Using “real things” to help guide the story is a hallmark of the series, from the winking nature of how its characters talk about other horror films to the traumatic storylines they follow, and that was top of mind for “Scream VI.”

“There’s an expectation that these movies are going to have some conversation about the state of things, the state of the genre, the state of movie culture, and the state of fear,” Gillett said. “We felt it subconsciously, and then I think made the conscious choice to steer into this idea that public spaces, very unfortunately, are scary now. That’s a really shitty and unfortunate reality, but it’s a really contemporary fear and something that I think is worthy of exploring in the genre.”


"Scream VI"

“Scream VI”

©Paramount/Courtesy Everett Collection

Despite the dark undertones that always flow through the “Scream” films, Villella noted that Radio Silence’s approach to “Scream” is rooted in better feelings, mostly love and respect, especially for their characters. “That is something that shines through to the filmmaking process, and how we approach characters, because it’s a lot scarier experiencing something with characters you actually feel something about, and you have an emotional attachment to,” the producer said. “You don’t want to see them go through the most tense situations, and you feel with them, and that empathy really shines through from the movie to audiences.”

No spoilers here, but Villella’s mention of empathy reminded me that this film ends with a few, let’s just say, surprising choices in terms of who lives and who dies (like a character who absolutely seems to be dead meat, but somehow makes it through). Gillett laughed.

“We felt [that with] ‘VI,’ that we had the permission to go to an absurd place with it, but to also make sure that the absurdity of it felt really good, and that it was the right flavor at the end of the movie,” he said. “We talked a lot about how one of the reasons why we love the first ‘Scream’ so much is that it’s secretly a feel-good movie. The good guys win. There are a lot of survivors. The people that you’ve formed relationships with as an audience member, they make it out. It’s one of the reasons why we love going back and re-watching that movie, because is it feels really fucking good at the end, and we wanted that feeling at the end of this movie.”

So, about that choice to title the film “Scream VI” after their first film, the fifth in the franchise, was just called “Scream.” “We’ve never learned how to count, so that’s the first part of that answer,” Gillett joked.

Titling what is really “Scream V” just “Scream,” as Gillett explained, “Let the audience know, hey, this movie is playing with the idea of these requels and renaming things, [just by[ having that weird confusing thing be a part of the actual title of the movie.
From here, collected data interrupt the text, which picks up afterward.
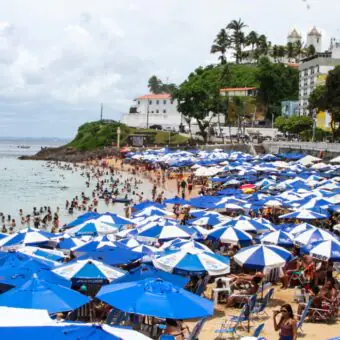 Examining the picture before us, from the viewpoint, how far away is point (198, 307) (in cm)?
972

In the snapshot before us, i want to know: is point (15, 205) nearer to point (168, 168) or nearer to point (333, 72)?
point (168, 168)

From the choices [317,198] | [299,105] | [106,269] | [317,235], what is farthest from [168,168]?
[106,269]

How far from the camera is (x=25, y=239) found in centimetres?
1794

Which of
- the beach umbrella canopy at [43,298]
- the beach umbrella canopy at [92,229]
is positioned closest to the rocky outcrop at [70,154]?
the beach umbrella canopy at [92,229]

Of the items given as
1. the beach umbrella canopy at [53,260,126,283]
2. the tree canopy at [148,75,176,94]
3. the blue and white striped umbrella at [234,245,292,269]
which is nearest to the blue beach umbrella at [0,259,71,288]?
the beach umbrella canopy at [53,260,126,283]

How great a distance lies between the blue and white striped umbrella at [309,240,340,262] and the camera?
1454 centimetres

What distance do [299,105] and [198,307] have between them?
8436 centimetres

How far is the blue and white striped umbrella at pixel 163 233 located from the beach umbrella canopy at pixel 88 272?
5.63 metres

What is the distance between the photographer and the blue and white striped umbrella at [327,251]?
47.7ft

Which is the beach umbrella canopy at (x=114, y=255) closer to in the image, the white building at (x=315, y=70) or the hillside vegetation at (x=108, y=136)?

With this we were like, once it became ‘Scream VI,’ that tells the audience you’re watching ‘Scream VI.’ It’s set in New York. Have fun. We’re not over-clevering themselves.”

While it’s unclear how the franchise might continue (though, come on), and if Bettinelli-Olpin, Gillett, and Villella will be involved (they’re busy enough, still in “very early” development on their announced “Escape from New York” remake, plus hashing through a variety of “big new original stuff,” including a script they sold to Universal), their allegiance to the material is clear.

“We want it to continue forever,” Gillett said of the series. “[Whether we’re] involved or not. We never would’ve imagined that we’d get to step into this franchise ever in our wildest dreams, so if it leaves our life and goes some other direction, as long as it sticks around, as long as they keep making them, that is the most important thing to us.”

Paramount Pictures will release “Scream VI” in theaters on Friday, March 10.